Spatial orientation of substituted cysteines in the Kir pore. Summary of the time constants of MTSEA modification (mean ± SEM) at residues 157C, 164C, and 169C, in the presence of putrescine, spermine, CGC-11179, or no blocker (unprotected), as measured in Figs. 2–8 . A representation of the M2 helix, based on the X-ray structure of KirBac1.1, is aligned with the plot to illustrate the relative positions of the substituted cysteine residues in the inner cavity.

Figure 10.

The polyamine binding site in the Kir channel pore. (A) Cartoons to illustrate contrasting models of shallow (Model A) versus deep spermine binding (Model B). Red circles indicate rings of negative charges in the cytoplasmic domain (bottom circles) and the inner cavity (top circles) of strongly rectifying Kir channels. The black rectangle represents a spermine molecule in the Kir pore. (B) Using the KirBac1.1 crystal structure as a template, we have mapped the examined residues and colored them to reflect the protection profile by spermine and CGC-11179. Residue 157 (red) is protected against MTSEA modification by both spermine and CGC-11179 (see Fig. 4).
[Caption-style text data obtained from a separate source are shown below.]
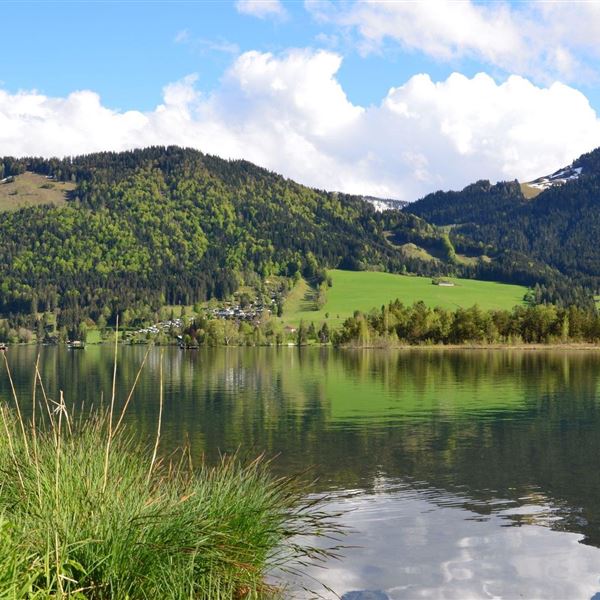 Gartenwohnung am Walchsee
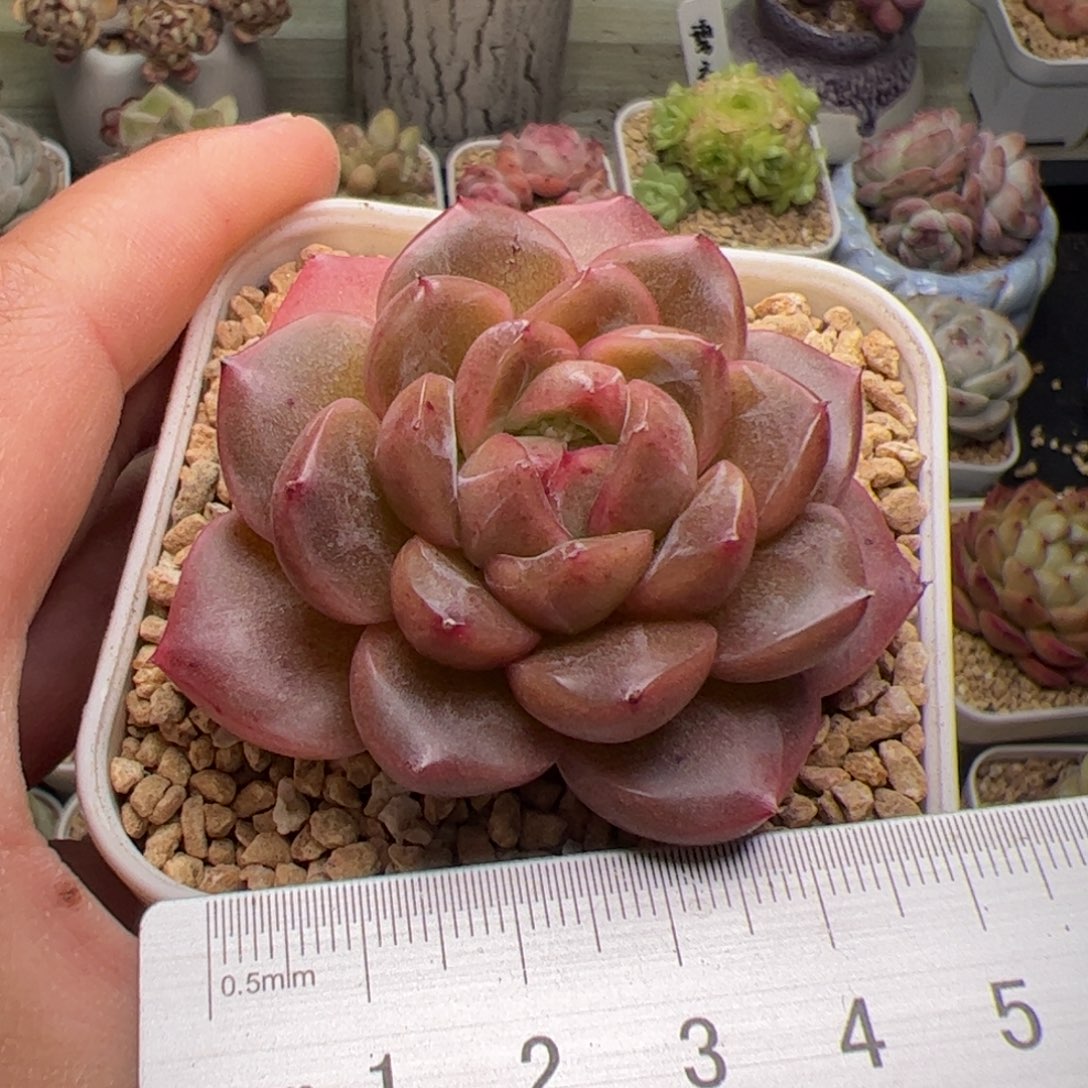 255 多肉植物组合盆栽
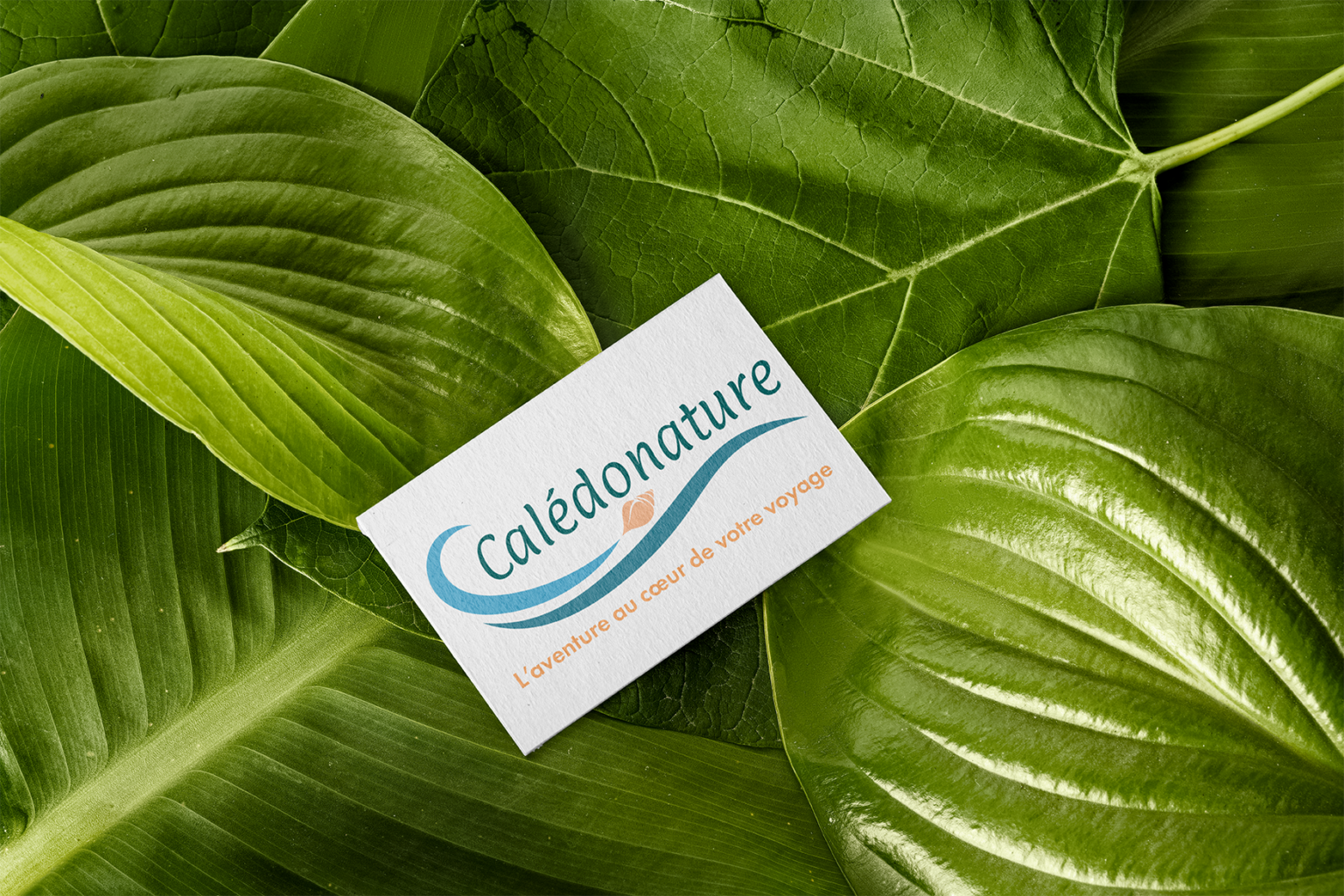 Mockup carte de visite Calédonature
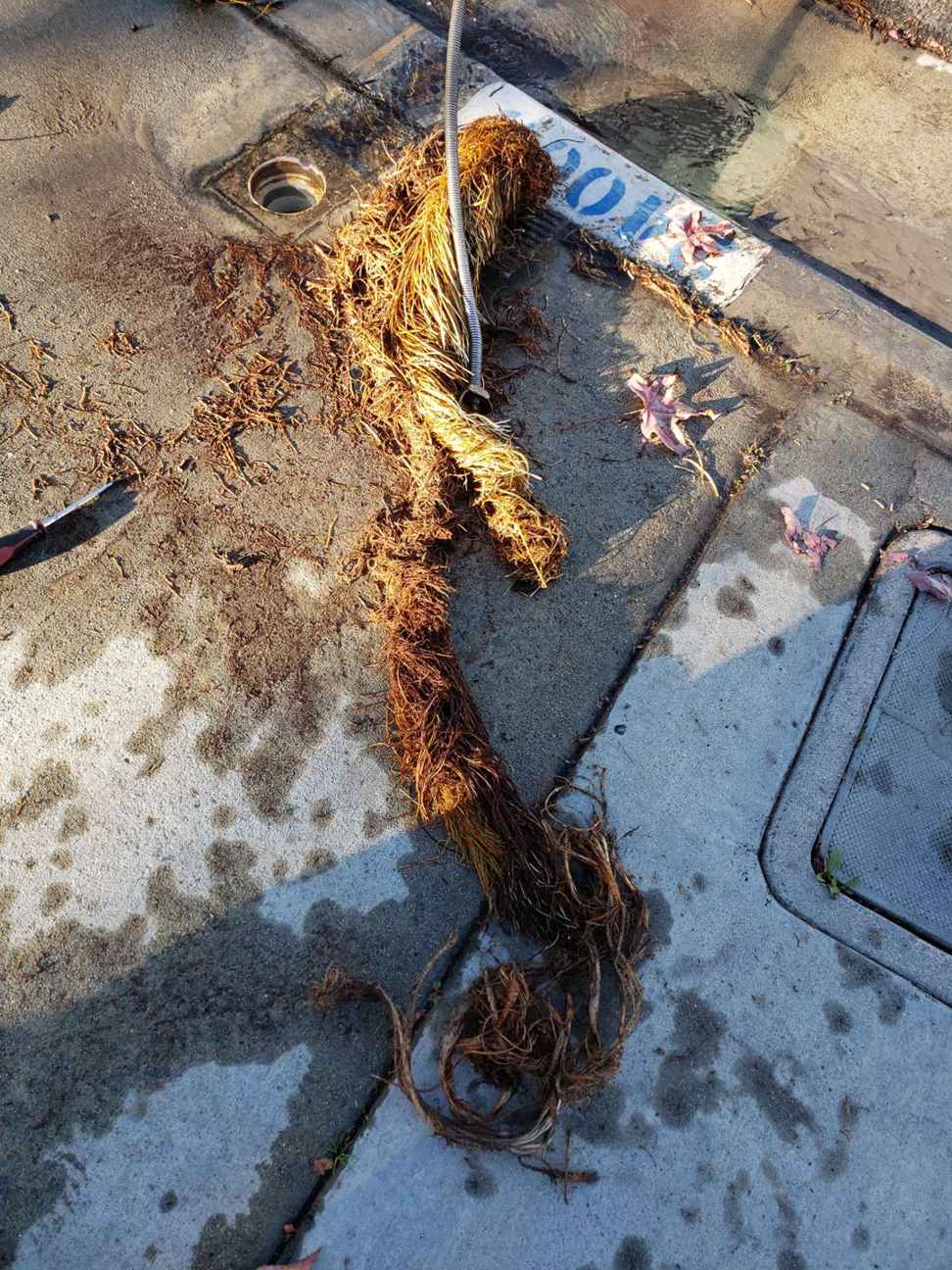 Failed Orangeburg sewer lateral section pulled during an Anaheim drainage service call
Residue 164 (yellow) is protected by CGC-11179 but not by spermine (see Fig. 5). Residue 169 (green) is not protected by either polyamine (see Fig. 6). We have also aligned spermine, CGC-11179, and putrescine molecules with binding locations indicated by the observed protection profile. The head of spermine and CGC-11179 are placed near the entrance to the selectivity filter. The tail of spermine extends to the approximate location of the rectification controller residue (N160D in Kir6.2), while the considerably longer CGC-11179 molecule extends to the inner cavity entrance. Putrescine is located near the rectification controller residue.